The Reductive Seduction of the New

Tuesday, January 26, 2016

Courtney Martin writes of an interesting cultural phenomenon at the Development Set blog on Medium. She calls it, "The Reductive Seduction of Other People's Problems." I'll set aside: (1) my major differences with the author on the morality of altruism, (2) the whole notion of "privilege," and (3) how an education that fails to challenge the young might breed this kind of thinking error. Instead, I'll focus on the broadly-applicable:

If you asked a 22-year-old American about gun control in this country, she would probably tell you that it's a lot more complicated than taking some workshops on social entrepreneurship and starting a non-profit. She might tell her counterpart from Kampala about the intractable nature of our legislative branch, the long history of gun culture in this country and its passionate defenders, the complexity of mental illness and its treatment. She would perhaps mention the added complication of agitating for change as an outsider.

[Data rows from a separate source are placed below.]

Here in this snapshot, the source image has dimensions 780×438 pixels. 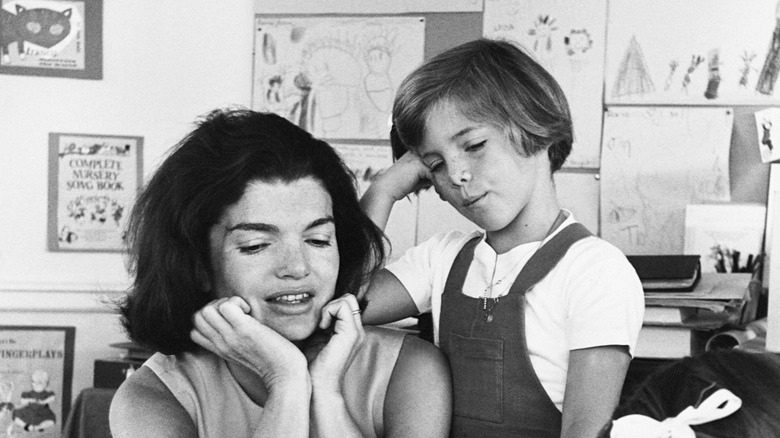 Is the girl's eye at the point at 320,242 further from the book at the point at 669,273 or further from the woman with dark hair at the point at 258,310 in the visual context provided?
the book at the point at 669,273

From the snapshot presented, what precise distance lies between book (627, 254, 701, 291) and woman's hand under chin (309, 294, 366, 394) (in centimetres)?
64

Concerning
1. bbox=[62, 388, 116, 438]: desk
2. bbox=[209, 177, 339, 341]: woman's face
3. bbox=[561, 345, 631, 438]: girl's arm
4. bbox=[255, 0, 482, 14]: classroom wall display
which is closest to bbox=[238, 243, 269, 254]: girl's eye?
bbox=[209, 177, 339, 341]: woman's face

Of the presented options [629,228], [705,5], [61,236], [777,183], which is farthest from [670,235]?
[61,236]

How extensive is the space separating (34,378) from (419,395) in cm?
165

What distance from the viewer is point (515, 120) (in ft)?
4.65

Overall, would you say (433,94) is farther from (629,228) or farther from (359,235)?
(629,228)

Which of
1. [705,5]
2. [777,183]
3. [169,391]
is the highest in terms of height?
[705,5]

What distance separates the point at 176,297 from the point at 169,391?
0.15 metres

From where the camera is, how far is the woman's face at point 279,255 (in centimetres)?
143

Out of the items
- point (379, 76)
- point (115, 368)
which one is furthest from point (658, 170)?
point (115, 368)

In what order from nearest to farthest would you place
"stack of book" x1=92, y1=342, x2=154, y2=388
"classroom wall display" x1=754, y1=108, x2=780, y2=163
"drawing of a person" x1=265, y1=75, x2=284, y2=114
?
"classroom wall display" x1=754, y1=108, x2=780, y2=163 < "stack of book" x1=92, y1=342, x2=154, y2=388 < "drawing of a person" x1=265, y1=75, x2=284, y2=114

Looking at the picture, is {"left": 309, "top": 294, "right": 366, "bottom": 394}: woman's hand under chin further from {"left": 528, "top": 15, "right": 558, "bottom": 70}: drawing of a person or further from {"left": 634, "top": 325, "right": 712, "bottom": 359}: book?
{"left": 528, "top": 15, "right": 558, "bottom": 70}: drawing of a person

But if you ask that same 22-year-old American about some of the most pressing problems in a place like Uganda's -- rural hunger or girl's secondary education or homophobia -- she might see them as solvable. Maybe even easily solvable.

I've begun to think about this trend as the reductive seduction of other people's problems. It's not malicious. In many ways, it's psychologically defensible; we don't know what we don't know.
This phenomenon isn't restricted to the young and idealistic, or to busybodies: It can happen to people of genuine goodwill, and exactly for the reasons Martin notes, be it ignorance of the "unknown unknowns" of the "new" problem or acclimation to (or even a feeling of being overwhelmed by) more familiar problems.

But Martin's altruistic persuasion causes her to miss something anyone can use: The same sort of thing can happen with regard to one's own problems. Who hasn't had a longstanding or difficult-to-address problem and felt the pull of an exciting, new project at the expense of working on it? There can be a sense of excitement, and an anticipation of personal efficacy that can come with embarkation on a new project, and which will make the new seem a refuge from the old. (This isn't always mistaken, but it can be.) But the new project, too, will bring disappointment if it isn't properly addressed, as becomes apparent from Martin's piece. This is not to say that a new project is always a bad idea: If attacked properly, the experience can help on in many other areas of life, including even the problem one ran from or put off before.

-- CAV


Anonymous said...

Hi Gus,

I don't know if you've run across Jane Jacob's Systems of Survival but one of the later chapters details a sociological tragedy that reflects exactly this kind of thinking.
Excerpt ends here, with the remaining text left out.